- TASK STATEMENT:
What you return should be the entries, unchanged, without their pictures.

- SOURCE RECORDS:
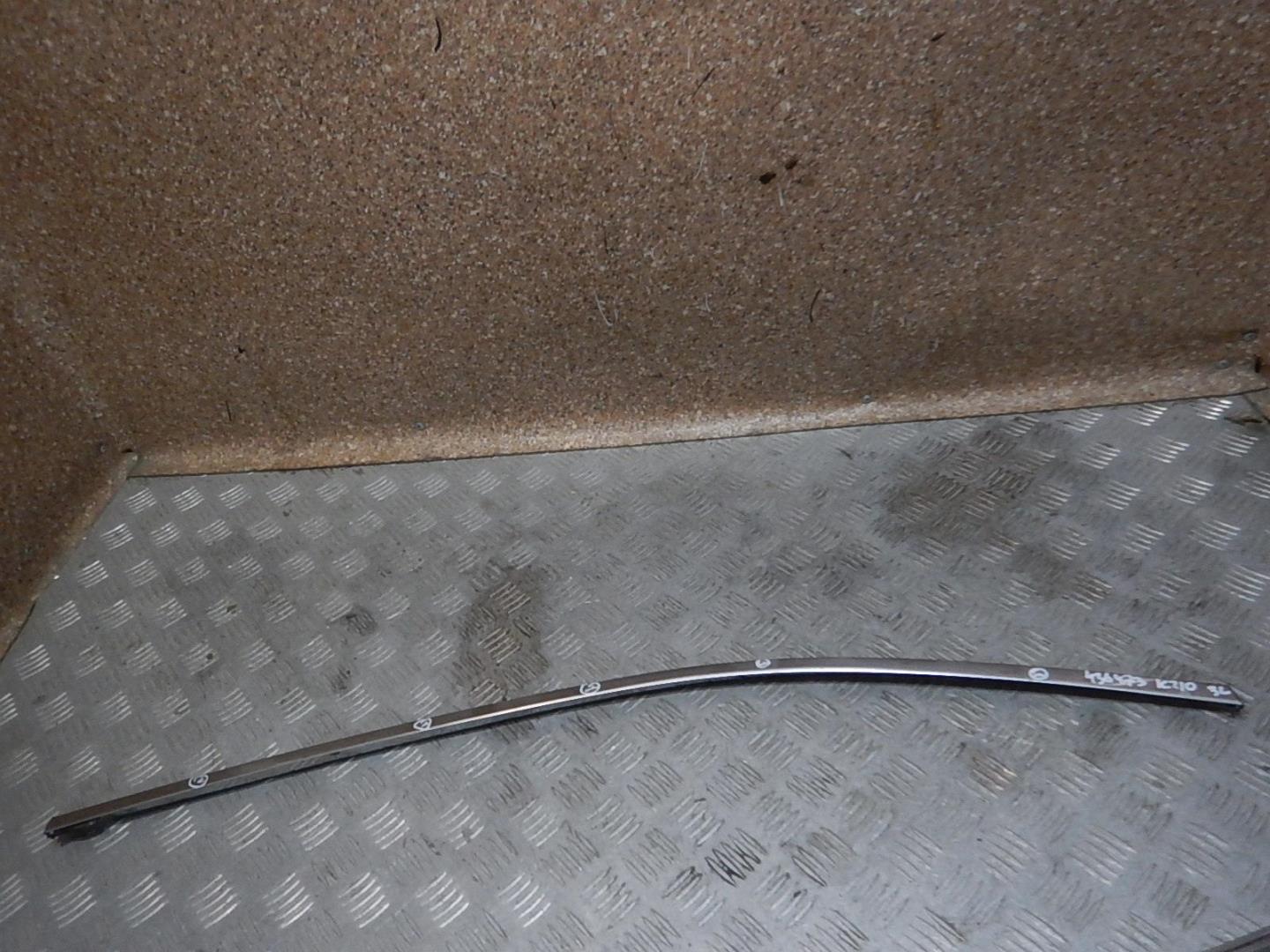 Накладка двери задней левой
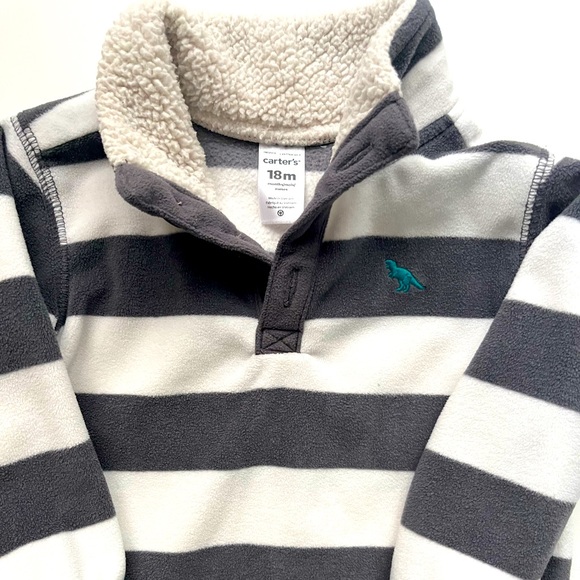 Carter’s Boys Pullover and Pants Set Size 18 Months - Picture 2 of 3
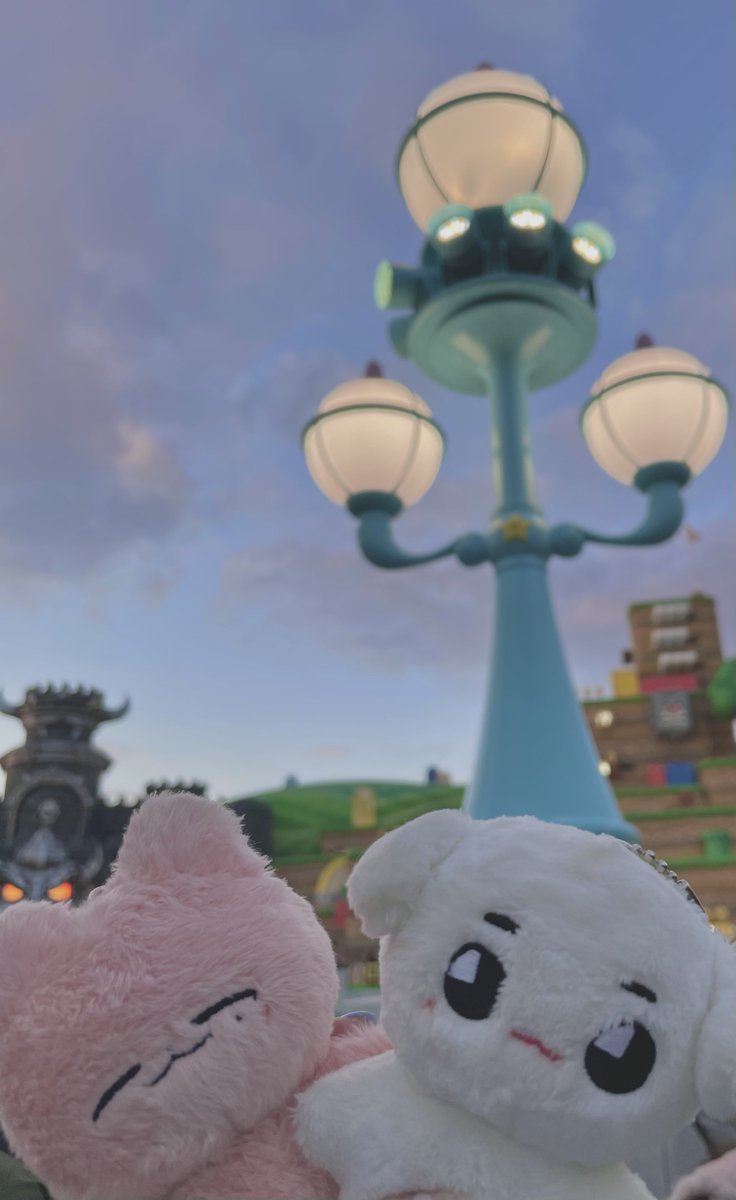 인형 바람 쐬어줬어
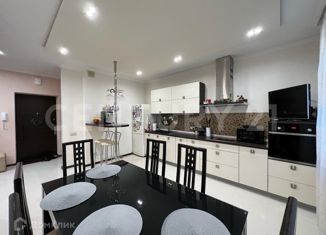 Продаю 3-комнатную квартиру, 113 м2, Краснодар, улица Монтажников, 12, улица Монтажников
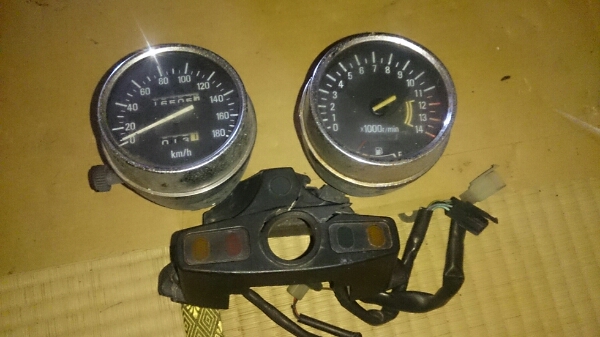 ゼファー４００ 純正メーター一式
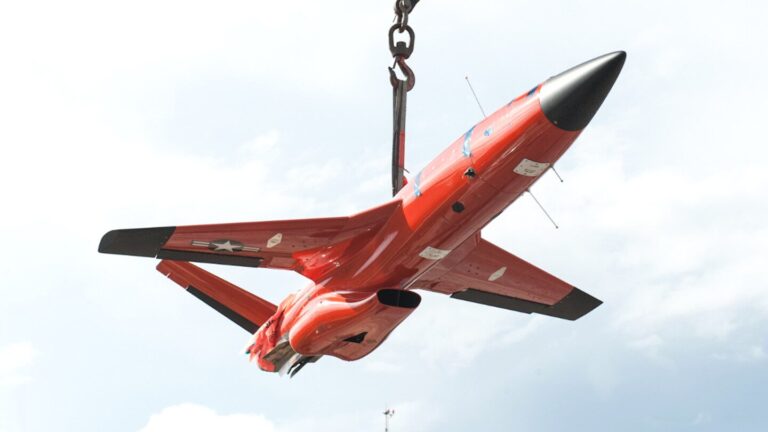 Taiwan and Kratos Team Up on Chien Feng IV Jet Powered Drone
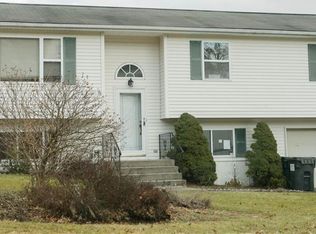 21 Watkins Dr, Walden, NY 12586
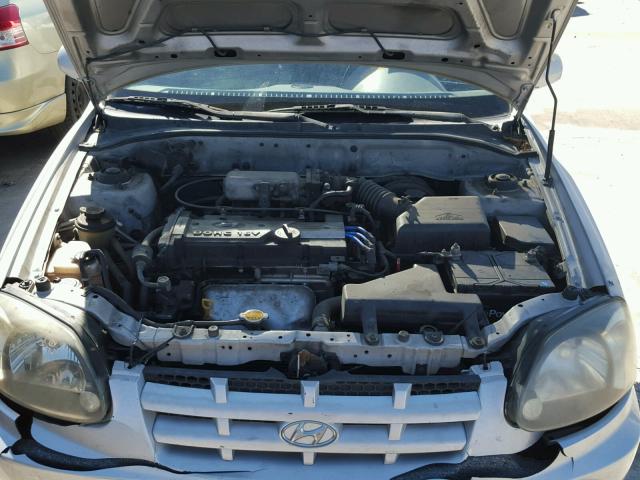 KMHCG45C34U555313 - 2004 HYUNDAI ACCENT GL SILVER photo 7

- WRITTEN REPLY:
 Накладка двери задней левой
 Carter’s Boys Pullover and Pants Set Size 18 Months - Picture 2 of 3
 인형 바람 쐬어줬어
 Продаю 3-комнатную квартиру, 113 м2, Краснодар, улица Монтажников, 12, улица Монтажников
 ゼファー４００ 純正メーター一式
 Taiwan and Kratos Team Up on Chien Feng IV Jet Powered Drone
 21 Watkins Dr, Walden, NY 12586
 KMHCG45C34U555313 - 2004 HYUNDAI ACCENT GL SILVER photo 7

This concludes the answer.